# Exercise:
Copy out the data below from the line containing "Lot of 10 1960" to the line containing "Full send in a Fiat 126", both lines included, with all images left out.

# Supplied records:
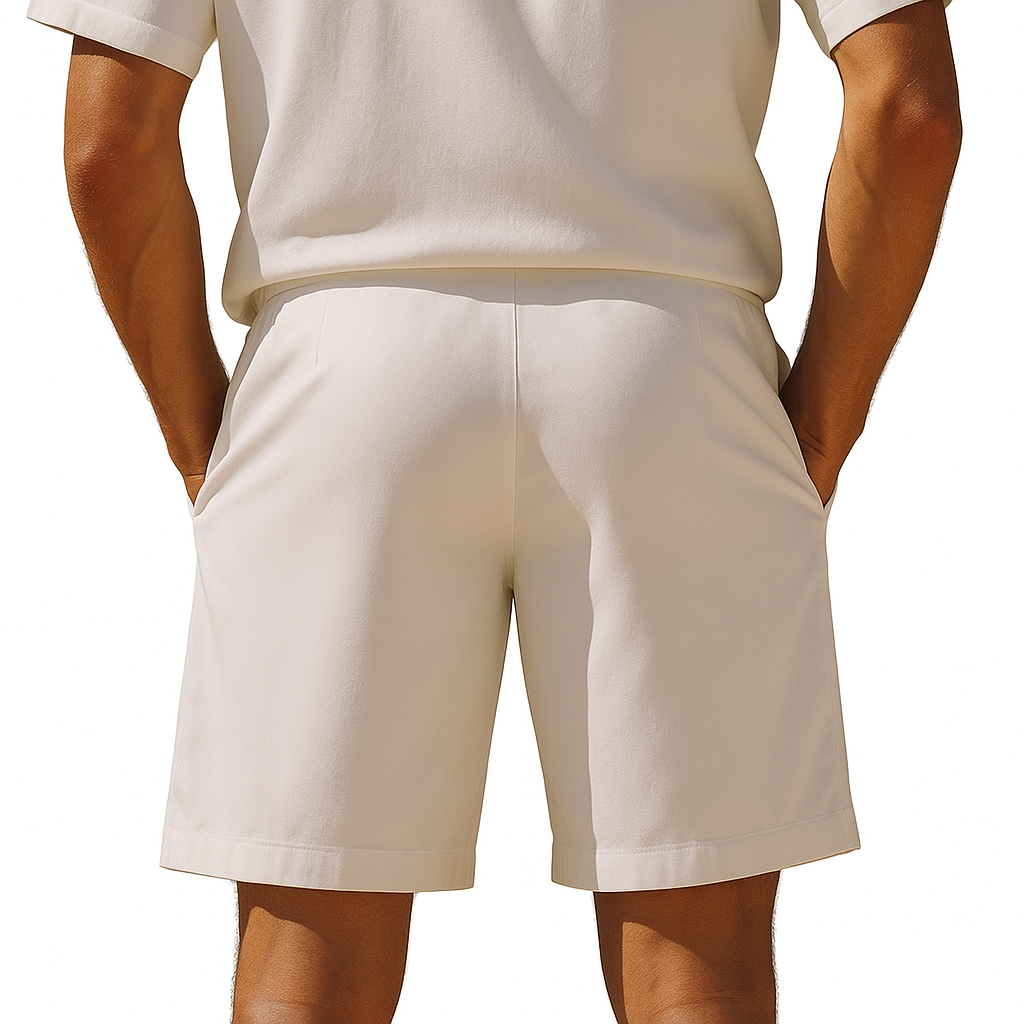 Men'S Summer Fashion Breathable Simple Embroidery Shorts MTA1302E7P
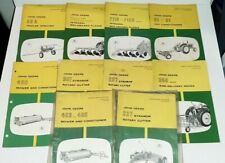 Lot of 10 1960 - 1962 John Deere Operators Manuals Very Good To New Condition picture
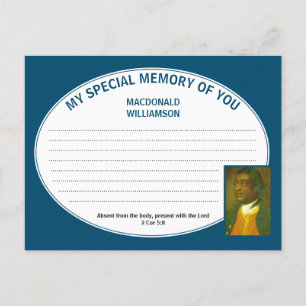 SPECIALE GEHEUGEN VAN U Foto Share Memory Card Briefkaart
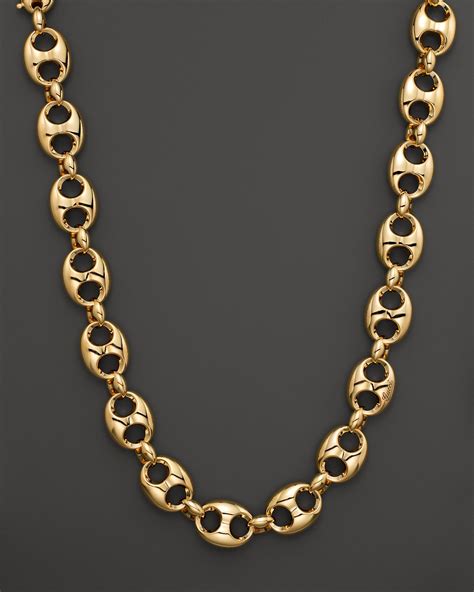 gucci gold chain necklace|Gucci gold necklaces for women.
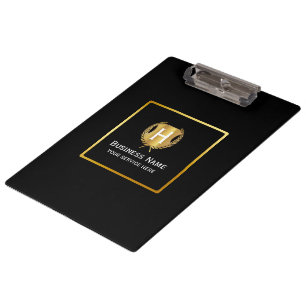Modern Business Logo Promotional Branding Clipboard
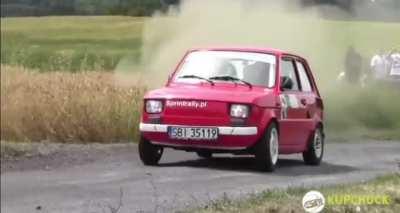 Full send in a Fiat 126
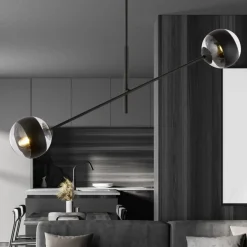 Discount Obrotowa lampa sufitowa, dwa klosze 1168/2 LINEAR | Kaja Oświetlenie Żyrandole Nowoczesne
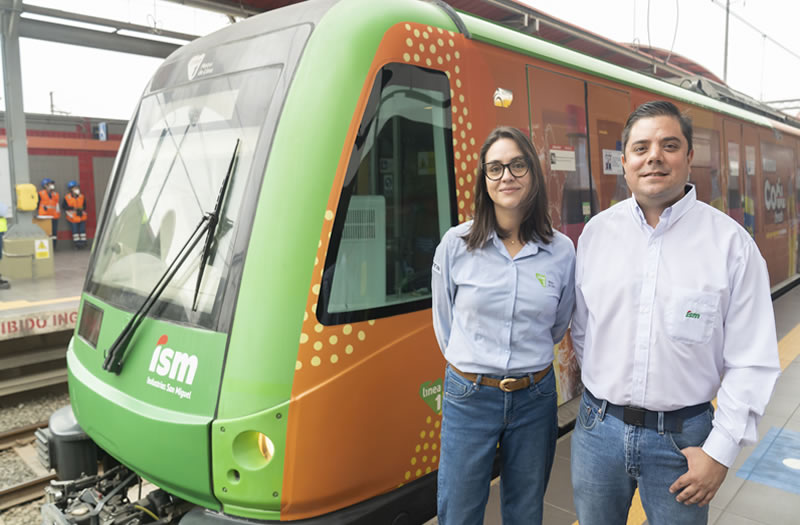 Innovación con propósito: Trenes de la Línea 1 del Metro de Lima lucen diseño en favor de emprendedores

# Completed exercise:
 Lot of 10 1960 - 1962 John Deere Operators Manuals Very Good To New Condition picture
 SPECIALE GEHEUGEN VAN U Foto Share Memory Card Briefkaart
 gucci gold chain necklace|Gucci gold necklaces for women.
Modern Business Logo Promotional Branding Clipboard
 Full send in a Fiat 126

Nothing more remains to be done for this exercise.